INNOVATING CONTENT TO BUILD COMMUNITY

YouTube is something we’d never put much effort into, so we tried to focus on it this year. We soon realised that creating YouTube content is challenging. You’ve got to come up with the premise for the video and plan it, then record it, and then edit it. What do you want to put in the video apart from someone speaking? Do consumers want text onscreen with images? What about animation? We hired three people, a video script writer and two video editors to focus on this, because otherwise, we just weren’t going to get it done. But video creates a new way of consuming content that is more engaging, and can bring in new audiences who consume content this way instead of reading a blogpost.

Sure, this means you need more technical skills, but you can either learn these or collaborate with people to combine skills. This also requires emotional intelligence as a soft skill, and knowing how to talk to different people to reach an aim or convey a message in a particular tone. A computer can’t necessarily do that.

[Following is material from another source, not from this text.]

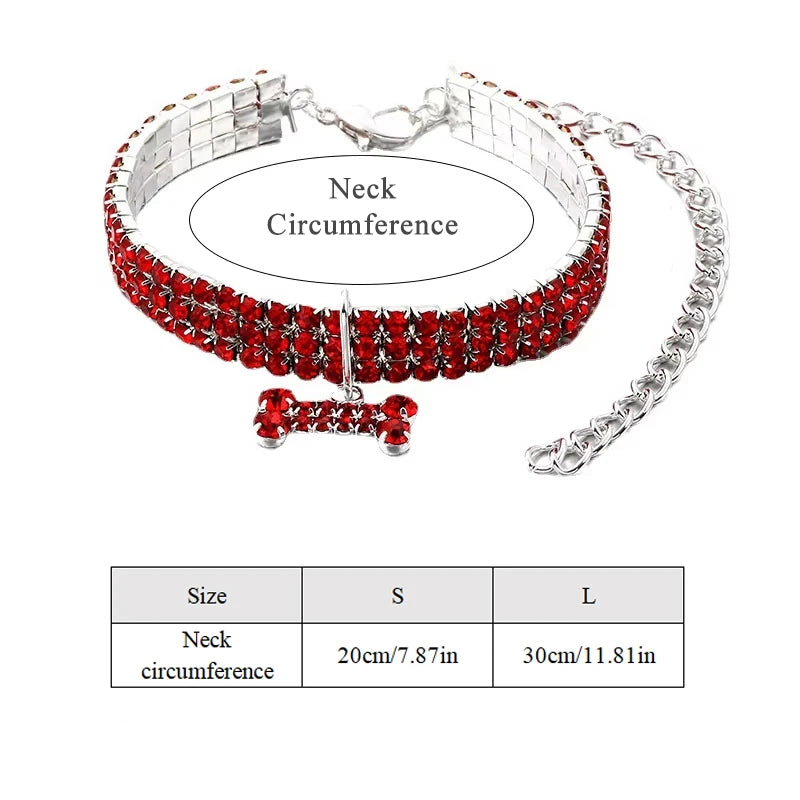 Luxury Cat Collar Bone Shape Pet Necklace for Cats Small Dogs Adjustable Cat Crystal Collar Puppy Necklace Pet Supplies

Think about your content channels, too. Organisations are using the instant messaging programme Slack to build communities. You can create different channels where people can ask questions, make polls and begin discussions. It’s another way to constantly engage your community, while creating another channel to advertise as well. Let’s say you’re a B2B business, who does regular webinars to find prospects or upskill your current customers. If you’ve got 1000 people on a Slack channel who are reading it mostly every day, that’s a great way to send a non-invasive message to say, ‘hey, we’ve got this webinar coming up, do you want to sign up?’

FIND YOUR USP

You really have to have a USP to add value. I see so many blogs that pop up that copy content. That’s not adding value or building trust with the user. You need to be unique, you need to stand out from the rest of the crowd and be very authentic. What is your voice? Who is your audience?

Originality of content is key. Why would you want to follow a page that copies everyone else? Coming up with fresh stuff definitely is a challenge, and that’s where I think these brainstorming meetings come in. Collaboration is vital for fresh idea generation, because you can utilise the skills or different perspectives of others to shape these ideas in new and innovative ways. That’s why we use a lot of influencer marketing, too. They use a different language, to convey our overall message, bringing their own following and brand to the table, sharing our content in a way that reaches new and wider audiences, which increases our traffic as well as refreshing our content.

I’m very addicted to my phone. It’s not good. I’m on LinkedIn all the time. But one benefit of having this digital world at our fingertips, thanks to technology, is that I know everything going on. I see news from everywhere, which really helps me stay in tune with what people are doing, what other brands are doing and what competitors are doing. Use this as your research tool. If you understand what’s going on, and if you are prepared to be agile, then I think you can really prepare for anything.